Del Toro le reveló a Jones en 2014, durante la filmación de La cumbre escarlata, la próxima criatura que quería que interprete: un hombre pez, de nuevo. Jones le dijo: “¿Quieres que vuelva a ser un hombre pez? [en referencia a Abe Sapien, de Hellboy]”. El actor revela lo que el director mexicano le respondió, imitando la distinguida voz carrasposa de su interlocutor: “Sí, pero esta vez es diferente. Dougie, tú eres el protagonista de una película romántica”.

Una pintura en movimiento

Jones depositó toda su confianza en Del Toro. Si alguien podía hacer posible y materializar La forma del agua, tenía que ser él, cuenta. “Es un verdadero genio y visionario. Cuando vi el filme en su versión final, excedió mis expectativas. Fue hermoso, artístico, cada escena es como una pintura en movimiento”, afirma Jones.

Para el actor oriundo de Indiana, cada criatura que interpretó para Del Toro -11 en total- ha sido difícil. Dice que nunca se ha arrepentido por el dolor o el cansancio que ha sentido cuando ha trabajado con el director mexicano, ya que los “hermosos mundos que crea” hacen que todo el sacrificio valga cuando se ve el resultado final. “Me ha dado oportunidades de interpretar papeles que nadie más hubiera pensado en mí para hacerlos, lo quiero por eso”, precisa el actor.
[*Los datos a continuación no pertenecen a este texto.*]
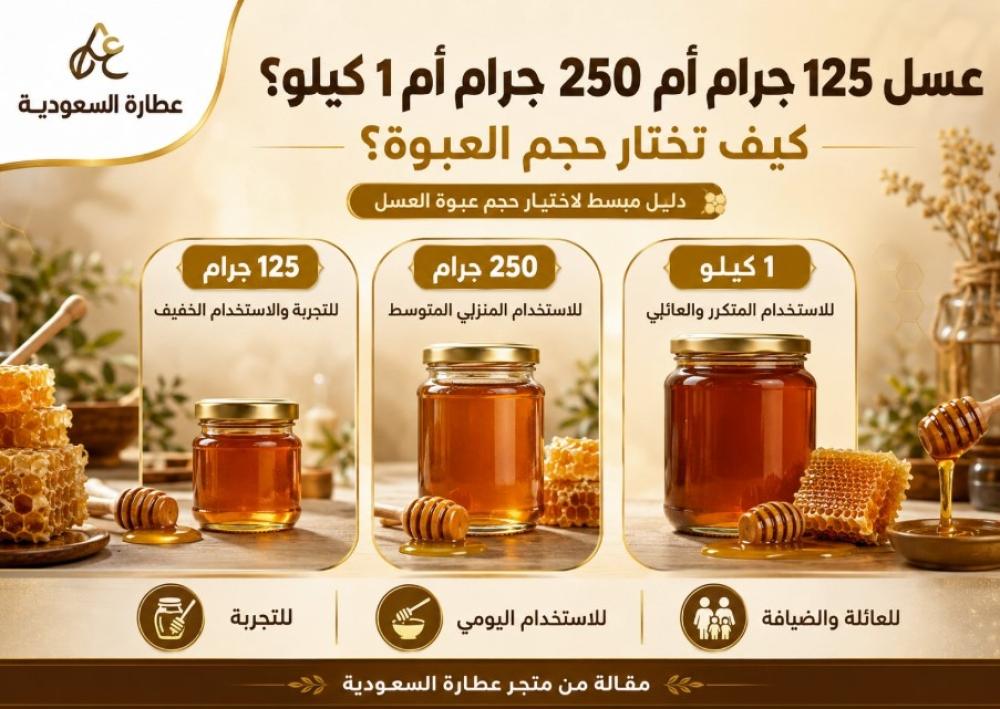 أحجام عبوات العسل: 125 جرام أم 250 جرام أم 1 كيلو؟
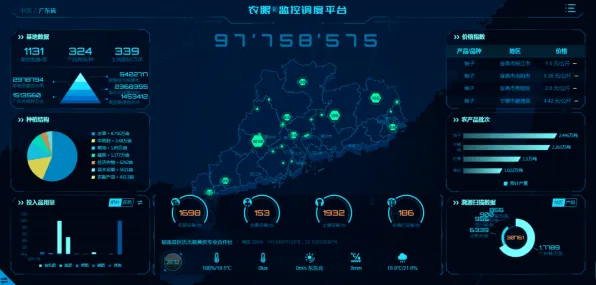 越来越多新农人出现工业数字孪生平台落地实践分享，确认偏误解释了原因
Durante las escenas de tortura en La forma del agua, Jones debía mantenerse arrodillado, sentado sobre sus pies, encadenado a un bloque de cemento. Esa escena tomó varios días, causando dolor en los pies y rodillas del actor. Del Toro, según cuenta Jones, se sintió muy mal por tener al intérprete en esa posición y lo cuidaba entre tomas. “¿Qué es lo que te he hecho?’, me decía. Se me acercaba y frotaba mis pies para ayudarme a sentir mejor, para devolver la circulación a mis piernas. Me decía: ‘¿Estás bien? ¿Estás bien?’. Entonces así podíamos hacer otra toma. Ese es un detalle que lo hace extraordinario, se preocupa mucho por sus actores”, dice Jones.
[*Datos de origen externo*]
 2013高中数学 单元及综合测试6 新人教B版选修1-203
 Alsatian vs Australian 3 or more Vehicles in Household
Uno de los papeles más difíciles de su carrera, según admite Jones, fue interpretar al fauno. Su preparación, entre maquillaje y ponerse el traje, requería cinco horas diarias. A diferencia del traje del anfibio, en el último filme, que solo necesitaba de dos horas y media para meterse en su piel. En El laberinto del fauno tuvo que usar zancos para alcanzar una estatura de más de dos metros, usar implementaciones mecánicas en el rostro, además de aprender todos sus diálogos en español. “Cuando haces de un monstruo con tanta preparación, tienes que aguantar físicamente, pero también tienes que mantener tu mente alerta ante tanto diálogos y personajes”, afirma Jones.

A Jones no le gusta que le llamen “intérprete de traje”. Mucha gente, e incluso actores, se le ha acercado y le ha dicho que quiere hacer lo mismo que él. Los corrige siempre: “Si quieres ser un ‘intérprete de traje’, no quieres hacer lo que yo hago. Yo me considero un actor y busco en cada personaje su cuerpo, alma, sus necesidades, lo que lo mueve, sus miedos, todas esas cosas. Dejo que eso motive el movimiento y las expresiones que hago”.

Jones añadirá otro “papel de ensueño” a su carrera, cuando se lo vea como el Conde Orlok en el remake de Nosferatu, con fecha tentativa de estreno en octubre de este año. Asimismo, volverá a repetir como el comandante Saru, un alienígena de color rosado, en la segunda temporada de Star Trek Discovery. Puede decir, con orgullo, que ya interpretó a todos los monstruos que quería en su lista de deseos. Eso, claro, hasta que Del Toro vuelva a llamarlo para que se meta en la piel de otro ser fantástico.